- Task details -
What you write should be an exact repeat of the lines from the one with "Flowers Gifs And" through the final line below, minus the pictures.

(Captioned web images)
- Opening Delimiter -
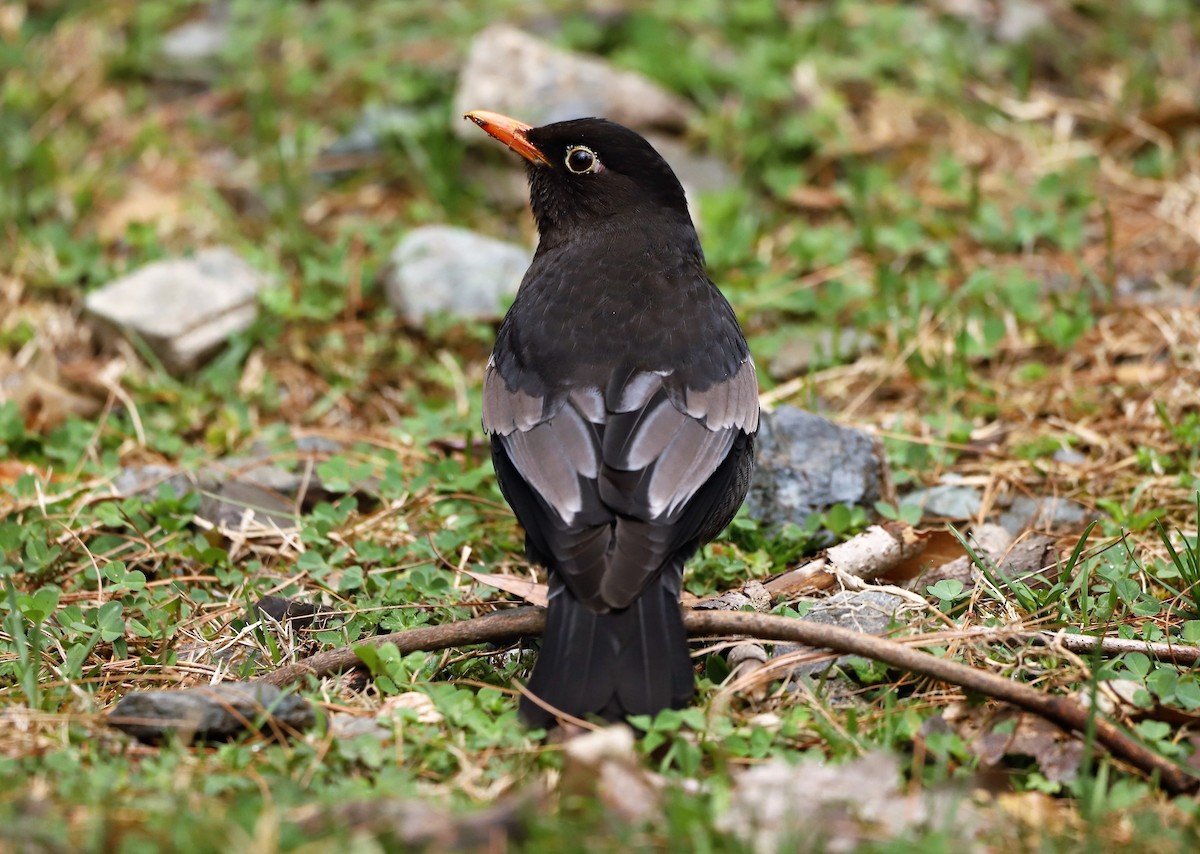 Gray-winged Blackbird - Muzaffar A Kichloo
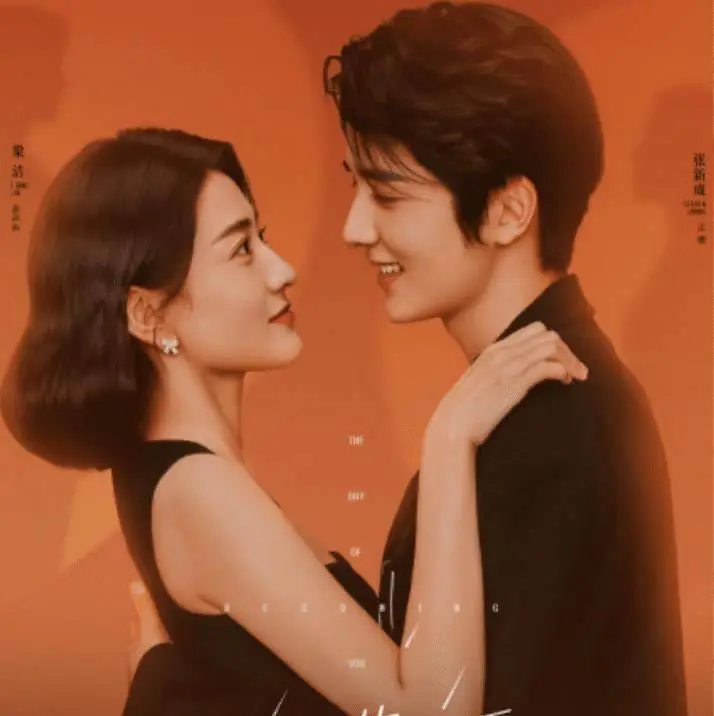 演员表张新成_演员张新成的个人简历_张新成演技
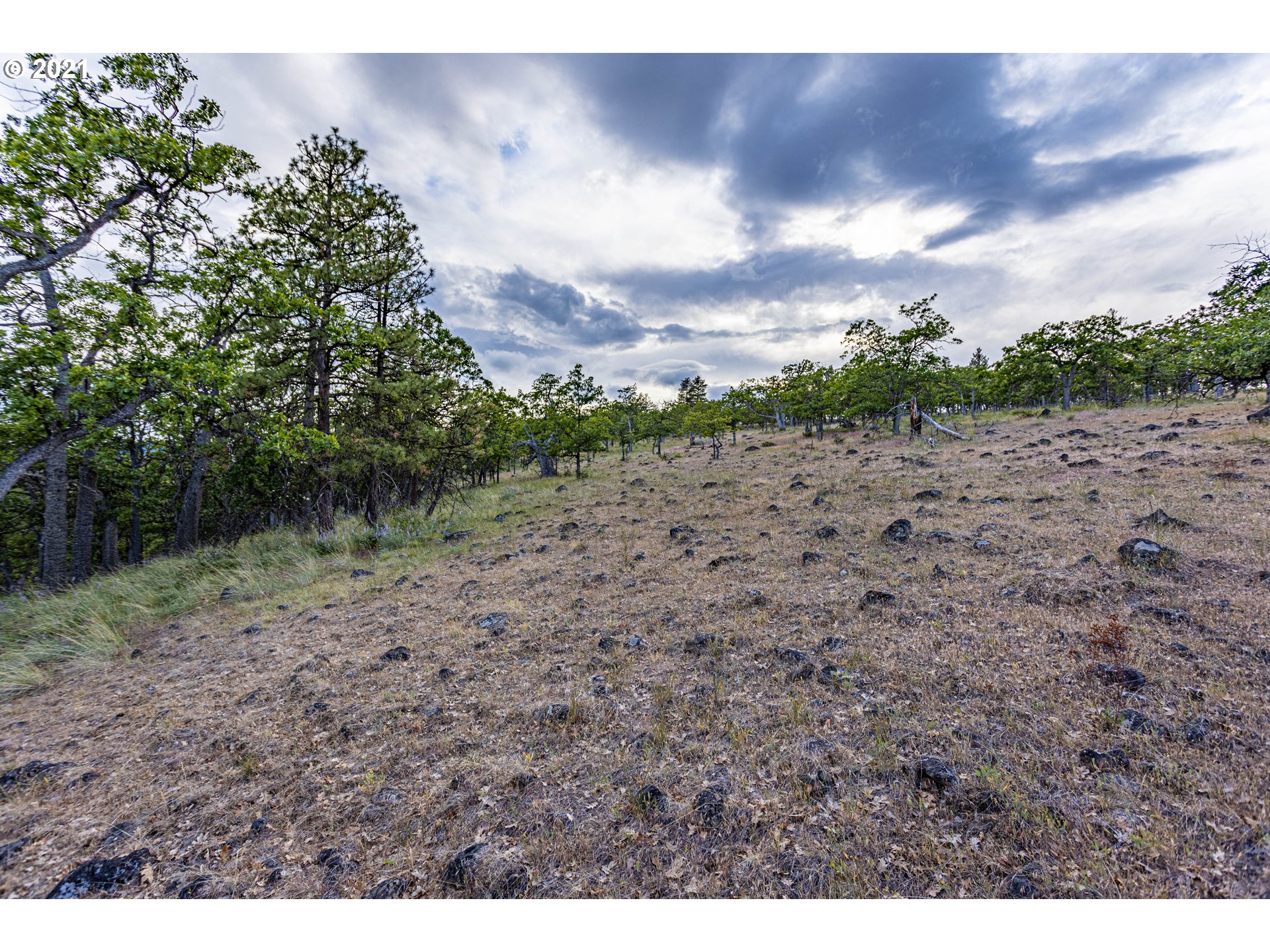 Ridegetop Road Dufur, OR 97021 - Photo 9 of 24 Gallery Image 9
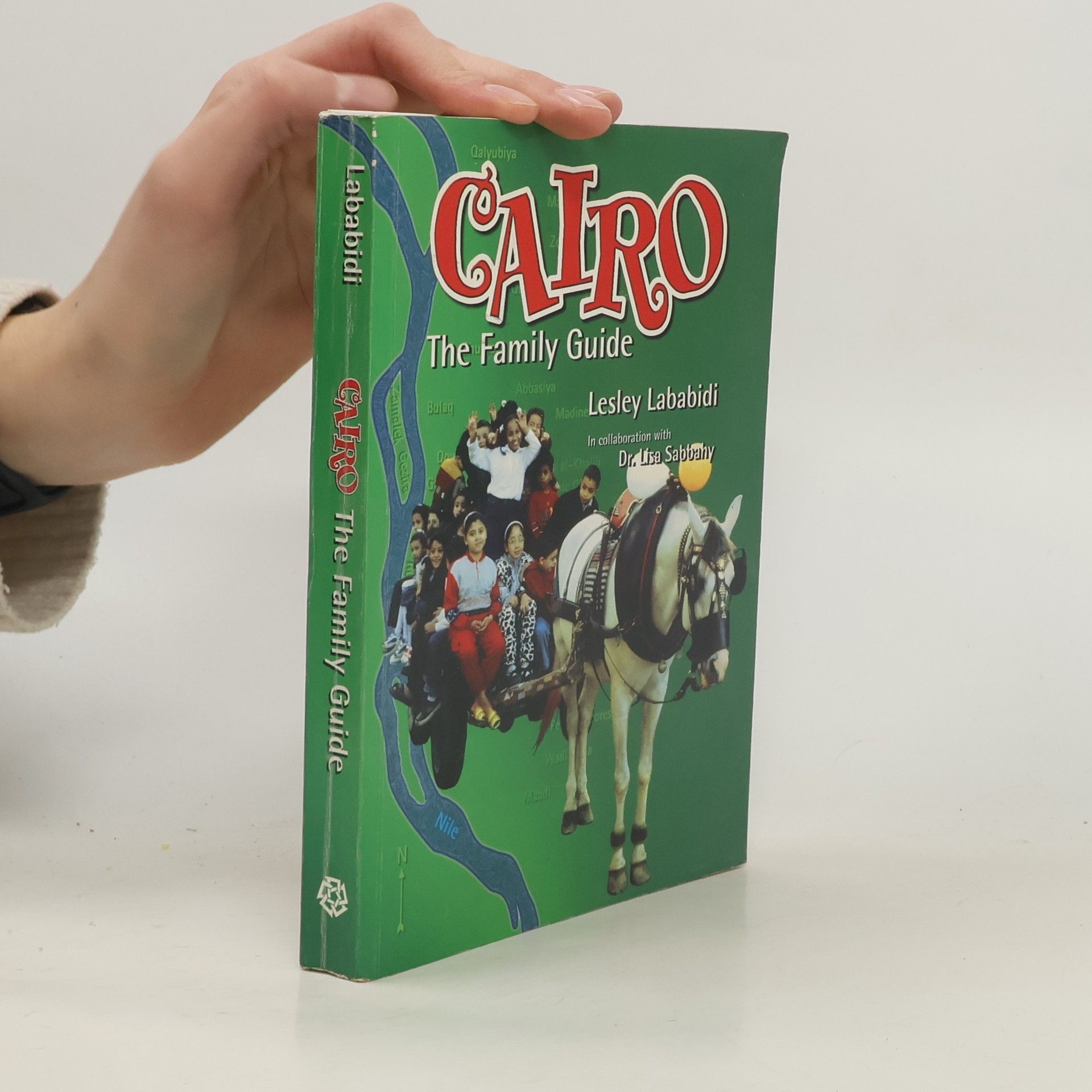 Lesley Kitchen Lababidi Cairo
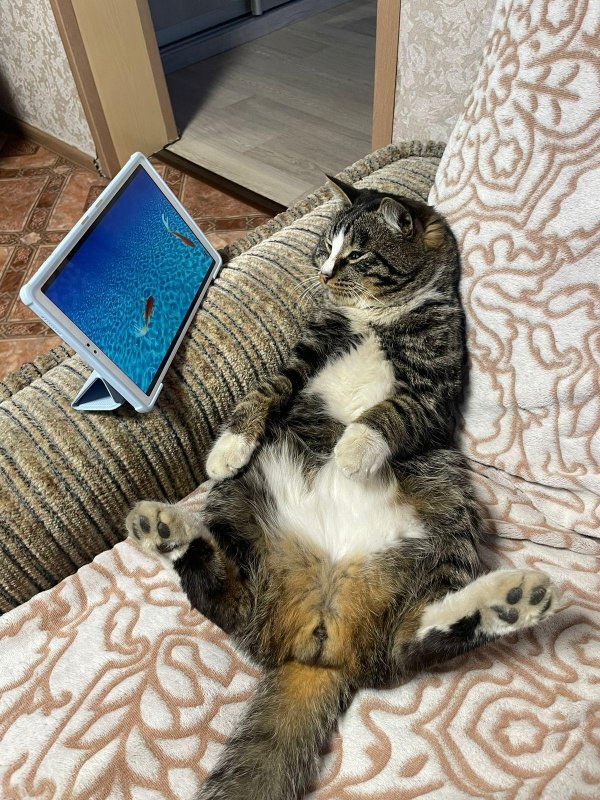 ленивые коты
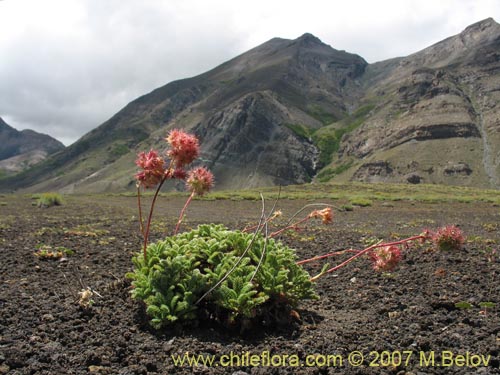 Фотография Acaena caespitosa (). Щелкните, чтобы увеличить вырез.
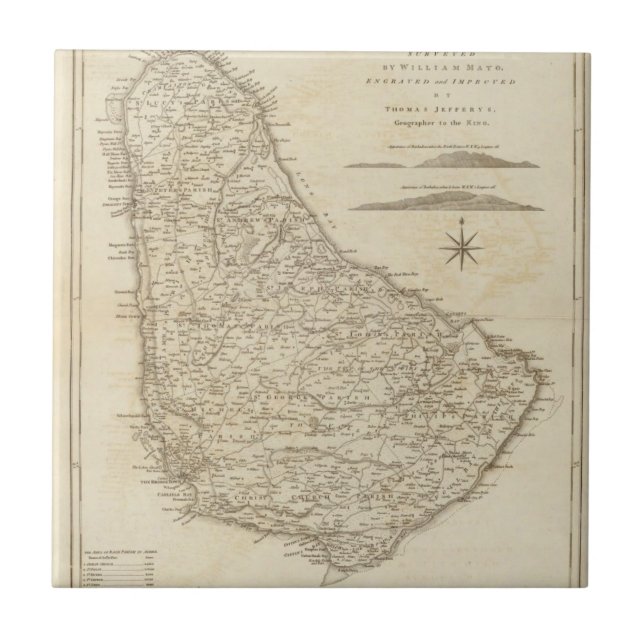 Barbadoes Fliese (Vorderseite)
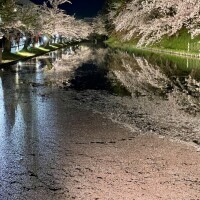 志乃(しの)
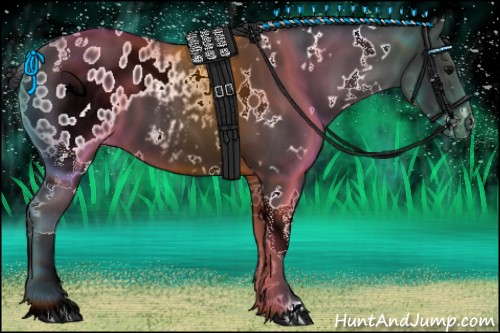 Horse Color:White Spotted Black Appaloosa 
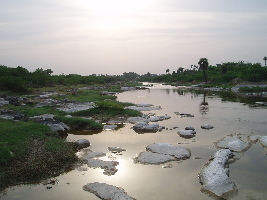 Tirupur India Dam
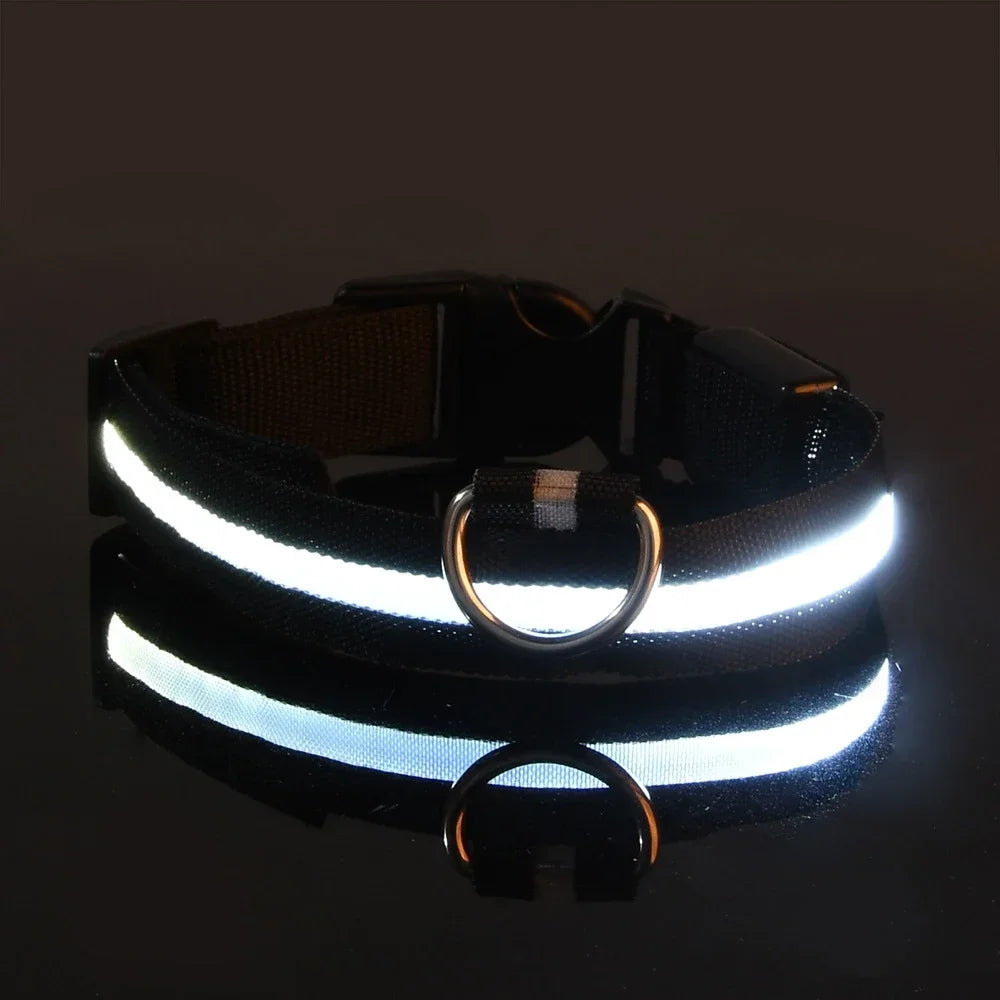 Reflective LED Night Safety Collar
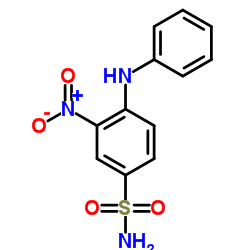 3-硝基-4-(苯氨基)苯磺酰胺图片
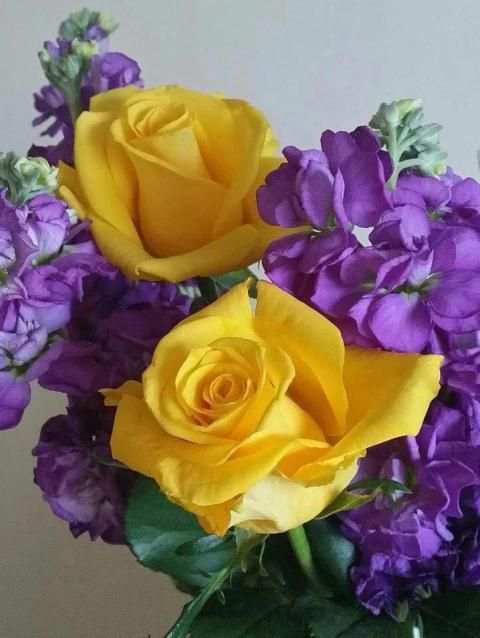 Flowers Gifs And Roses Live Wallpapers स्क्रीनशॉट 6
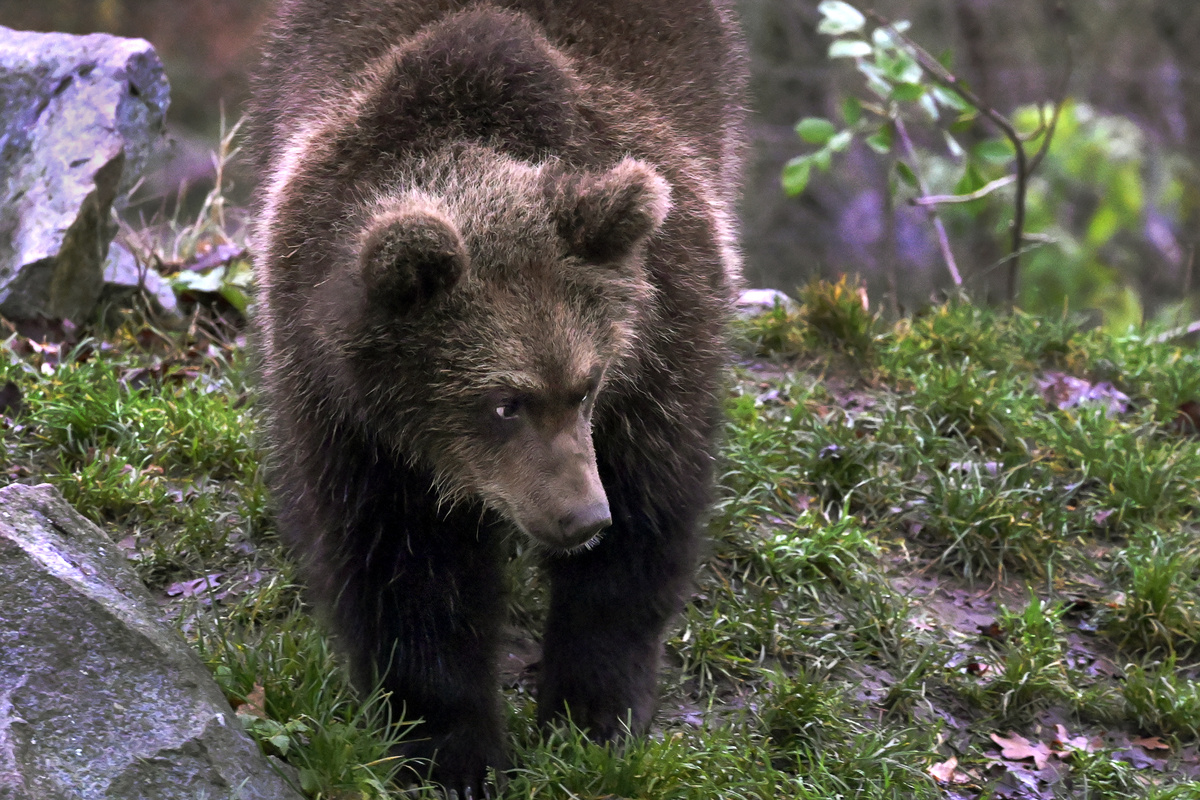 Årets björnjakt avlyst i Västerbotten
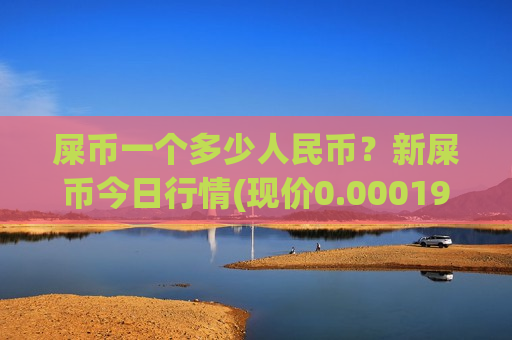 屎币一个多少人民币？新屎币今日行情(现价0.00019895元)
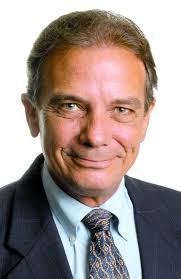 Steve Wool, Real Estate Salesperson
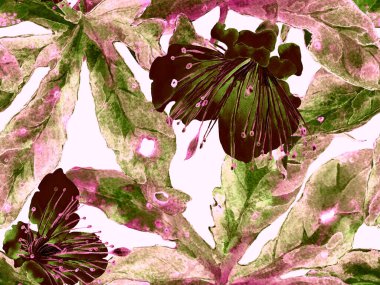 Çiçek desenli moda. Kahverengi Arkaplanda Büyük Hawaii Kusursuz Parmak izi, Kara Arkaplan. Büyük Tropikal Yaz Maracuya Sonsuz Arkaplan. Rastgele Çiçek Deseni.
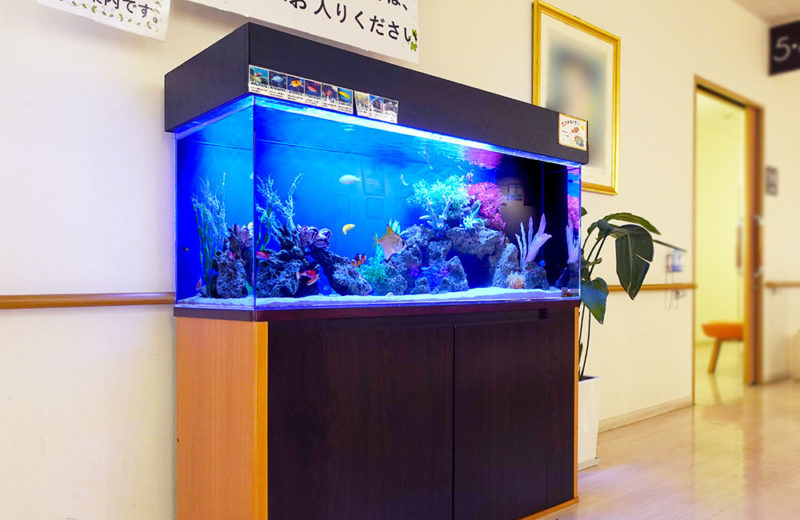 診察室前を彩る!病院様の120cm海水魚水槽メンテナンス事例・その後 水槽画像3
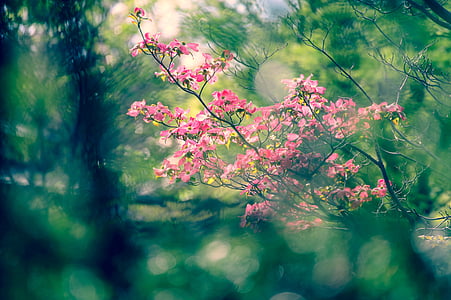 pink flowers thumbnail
- Closing Delimiter -
- Answer box -
 Flowers Gifs And Roses Live Wallpapers स्क्रीनशॉट 6
 Årets björnjakt avlyst i Västerbotten
 屎币一个多少人民币？新屎币今日行情(现价0.00019895元)
 Steve Wool, Real Estate Salesperson
 Çiçek desenli moda. Kahverengi Arkaplanda Büyük Hawaii Kusursuz Parmak izi, Kara Arkaplan. Büyük Tropikal Yaz Maracuya Sonsuz Arkaplan. Rastgele Çiçek Deseni.
 診察室前を彩る!病院様の120cm海水魚水槽メンテナンス事例・その後 水槽画像3
 pink flowers thumbnail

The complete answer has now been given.